● **TRY IT**:
Write out every record below exactly as it appears, omitting the pictures.

● **MATERIAL SHOWN**:
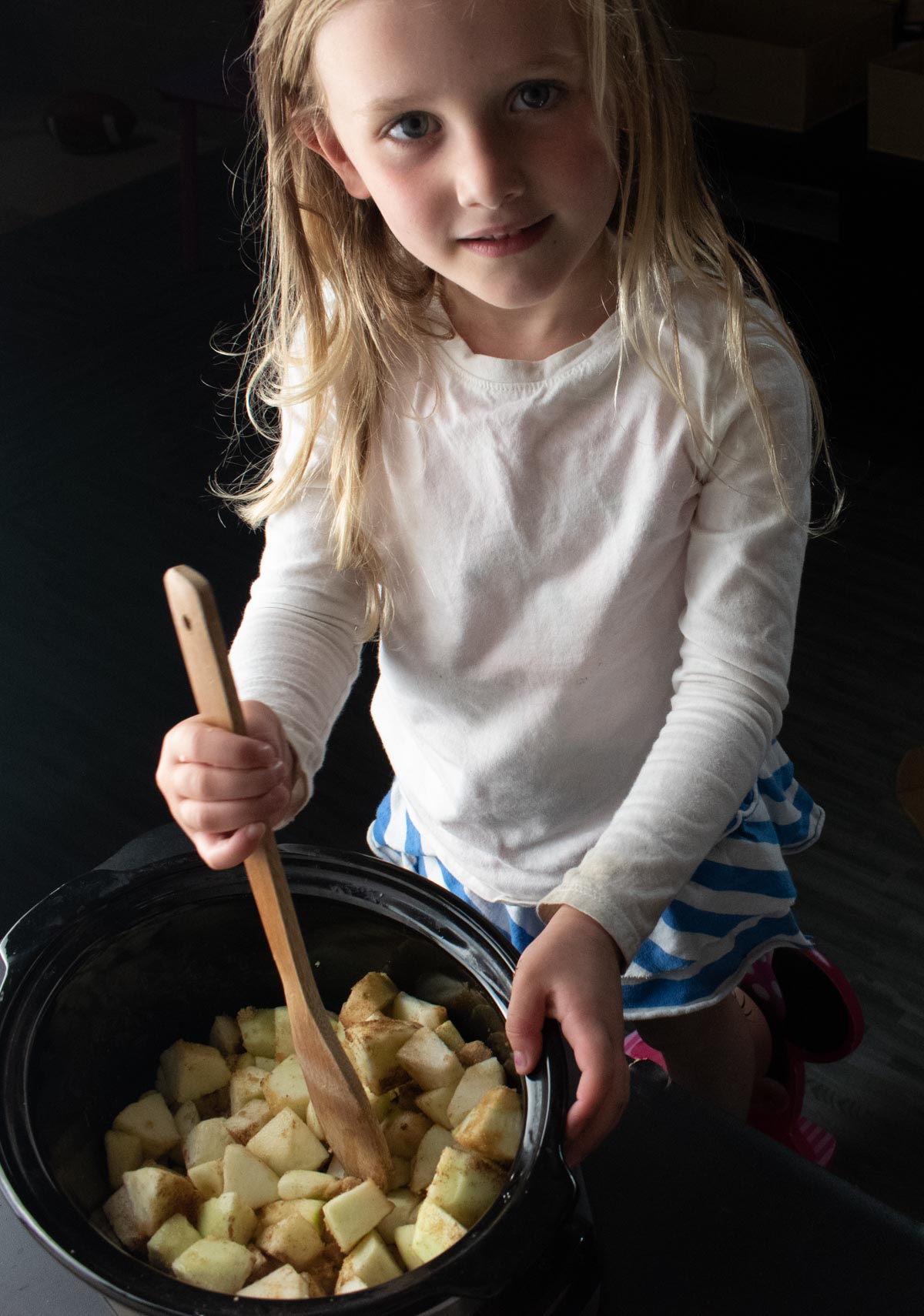 little blonde girl stirring homemade crockpot applesauce with a wooden spoon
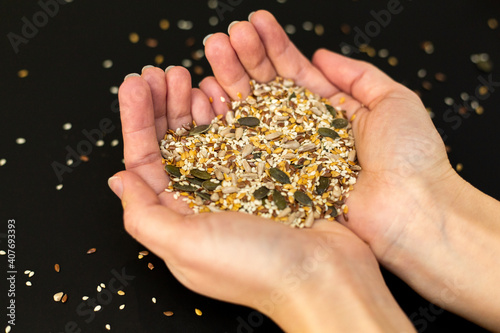 Cereal mix held in a woman hand. Black background.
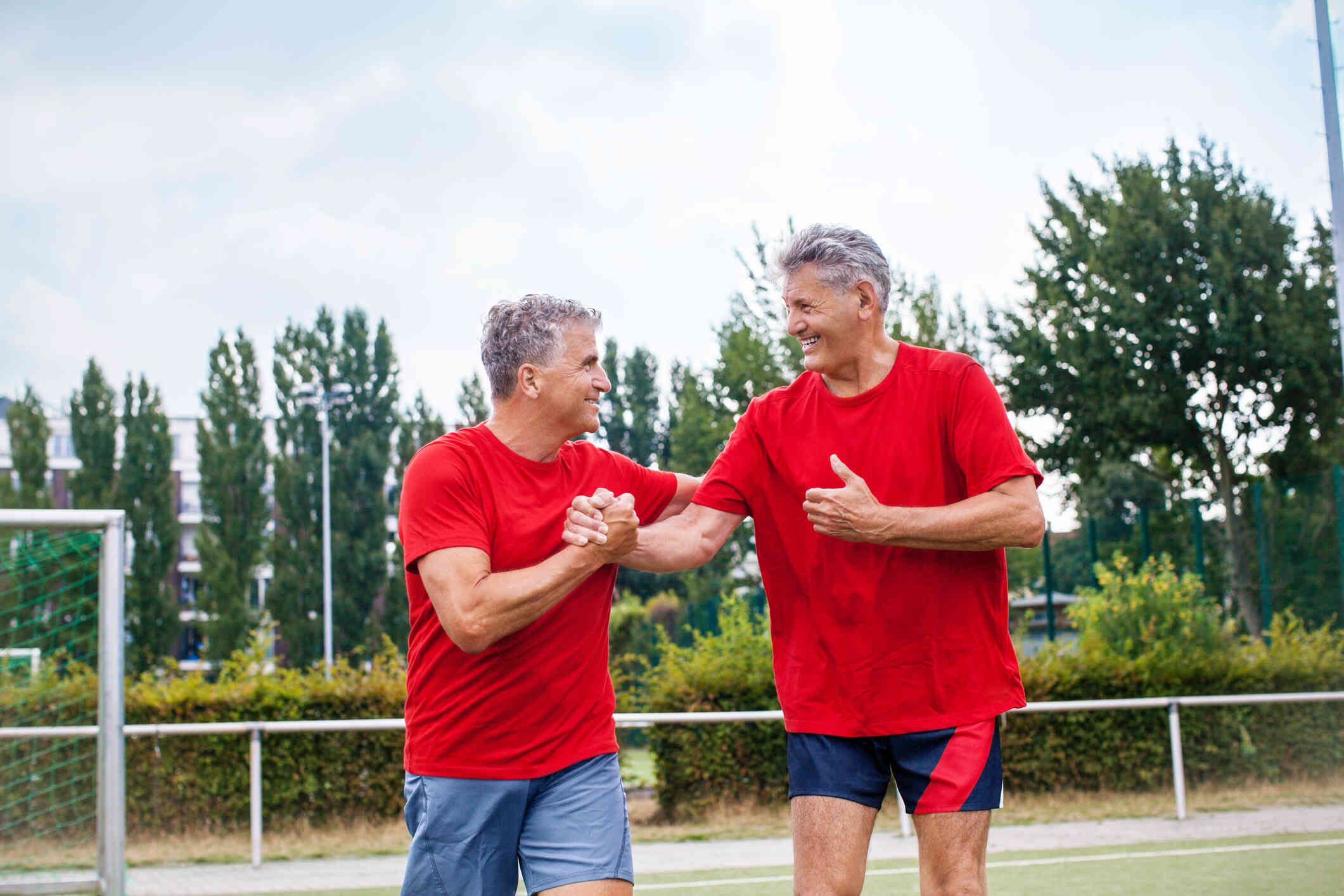 Two mature men wearing red t-shirts smile as they clasp hands and pat each other on the back while exercising outside.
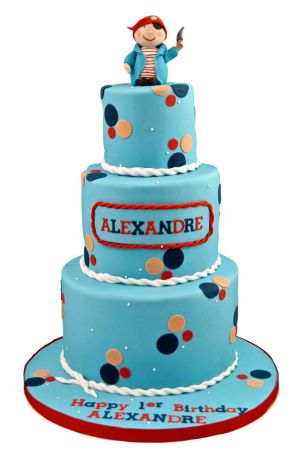A tall three-tiered light blue fondant birthday cake decorated with dark blue, orange, and red confetti dots, topped with a 3D sugar figurine of a cute smiling pirate holding a dagger.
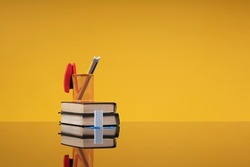 School accessories as a back to school concept. Stapler and writing accessories on a stack of old books as a background with free space for the website of a school, institute, university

● **OUTPUT FOR THIS TASK**:
 little blonde girl stirring homemade crockpot applesauce with a wooden spoon
 Cereal mix held in a woman hand. Black background.
 Two mature men wearing red t-shirts smile as they clasp hands and pat each other on the back while exercising outside.
A tall three-tiered light blue fondant birthday cake decorated with dark blue, orange, and red confetti dots, topped with a 3D sugar figurine of a cute smiling pirate holding a dagger.
 School accessories as a back to school concept. Stapler and writing accessories on a stack of old books as a background with free space for the website of a school, institute, university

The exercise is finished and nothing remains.